Forschungsprojekt untersucht Wirkung von Tanz und Bewegungstheater auf Entwicklung von Kindern

Sportwissenschaftler erforschen Einfluss von kultureller Bildung und Kreativität auf Persönlichkeitsentwicklung von Grundschulkindern

16.07.2015

Kinder können in der Bewegungen und im Spiel große Kreativität entfalten. Allerdings ist bislang wenig darüber bekannt, wie sich die motorische Kreativität bei Kindern entwickelt und wie sich dies auf ihre Persönlichkeit auswirkt. Dr. Claudia Steinberg vom Institut für Sportwissenschaft der Johannes Gutenberg-Universität Mainz (JGU) ist Teil einer vierköpfigen Forschergruppe mit Prof. Dr. Martin Stern von der Philipps-Universität Marburg, Prof. Dr. Nils Neuber von der Westfälischen Wilhelms-Universität Münster sowie Prof. Dr. Yvonne Hardt von der Hochschule für Musik und Tanz Köln. Sie haben gemeinsam 190.000 Euro der Stiftung Mercator eingeworben, um bei mehr als 250 Schülern in Mainz die Kreativitäts- und Persönlichkeitsentwicklung zu untersuchen. Das Vorhaben gehört damit zu den sechs bewilligten Projekten von insgesamt 78 Anträgen.

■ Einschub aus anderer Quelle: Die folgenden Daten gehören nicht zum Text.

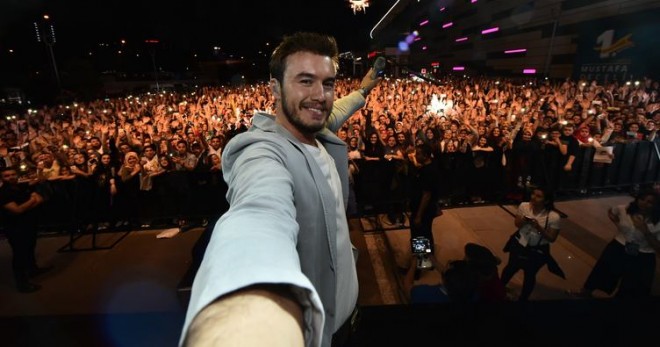 Mustafa Ceceliyə 100 milyon qarşılığında sürpriz - fotolar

Ausgebildete Tanzpädagogen werden im Rahmen des Projekts Kindern an Ganztagsgrundschulen in der 3. und 4. Klasse die Grundlagen von Tanz und Bewegungstheater vermitteln. Dabei sollen vor allem Kinder mit Migrationshintergrund an Brennpunktschulen, die ansonsten wenig Förderung erhalten, einbezogen werden. "Kinder sind von sich aus kreativ. Das wollen wir erhalten und fördern oder wieder in den Kindern wecken, falls es eingeschlafen war", erklärt Dr. Claudia Steinberg zur Zielsetzung. In einem weiteren Schritt wollen die Wissenschaftlerinnen und Wissenschaftler feststellen, ob sie den künstlerisch-kreativen Aspekt, den die Kinder im Rahmen des Unterrichts oder der AG einbringen, messen und erfassen können. "Wir wollen besonders die körperlich-sinnlichen Aspekte in den Vordergrund rücken, die dem Tanzen eigen sind", so Steinberg.

Schließlich soll ermittelt werden, wie sich die Förderung der Kreativität durch Tanz und Bewegungstheater auf die motorische und die kognitive Entwicklung der Kinder auswirkt. Trägt dies zur Persönlichkeitsbildung bei? Verbessert sich der Selbstwert der jungen Teilnehmerinnen und Teilnehmer? Wie verändert sich das Selbstkonzept? Wird die emotionale Kompetenz als Vorstufe für soziale Kompetenz ebenfalls geschult? Weil die beteiligten Wissenschaftler mit ihrem Projekt Neuland betreten, werden sie zunächst die geeigneten Methoden entwickeln, um die Veränderungen überhaupt erfassen zu können. Die Erhebung wird direkt im Anschluss an die Angebote stattfinden, aber mit einem Follow-up-Test soll zu einem späteren Zeitpunkt nochmal nachgeschaut werden, was über den Testzeitraum hinaus haften geblieben ist und welche nachhaltige Wirkung erzielt wurde.

Sobald die Vorarbeiten abgeschlossen sind, können die Tanz- und Bewegungstheatergruppen im Januar 2016 starten. Angesprochen werden Schulen im Großraum Mainz und Wiesbaden, die dann für 3 Monate mit professioneller Unterstützung und einem kompletten Unterrichtskonzept Tanz und Bewegungstheater für die Dritt- und Viertklässler anbieten können – ohne dass ihnen dafür Kosten entstehen.

Der Rat für Kulturelle Bildung e.V. hat im Frühjahr 2015 sechs Projekte ausgewählt, die an deutschen Universitäten und Forschungsinstituten die Wirkung kultureller Bildung anhand langfristiger, empirischer Erhebungen untersuchen werden. Hierfür stattet die Stiftung Mercator, eine der sechs Mitgliedsstiftungen des Rats für Kulturelle Bildung, den "Forschungsfonds Kulturelle Bildung. Studien zu den Wirkungen Kultureller Bildung" mit 1,2 Millionen Euro aus. Ziel des Forschungsfonds ist es, zur Formulierung von wissenschaftsgestützten Argumenten für die Anerkennung von kultureller Bildung als gleichwertigem Teil von allgemeiner Bildung beizutragen.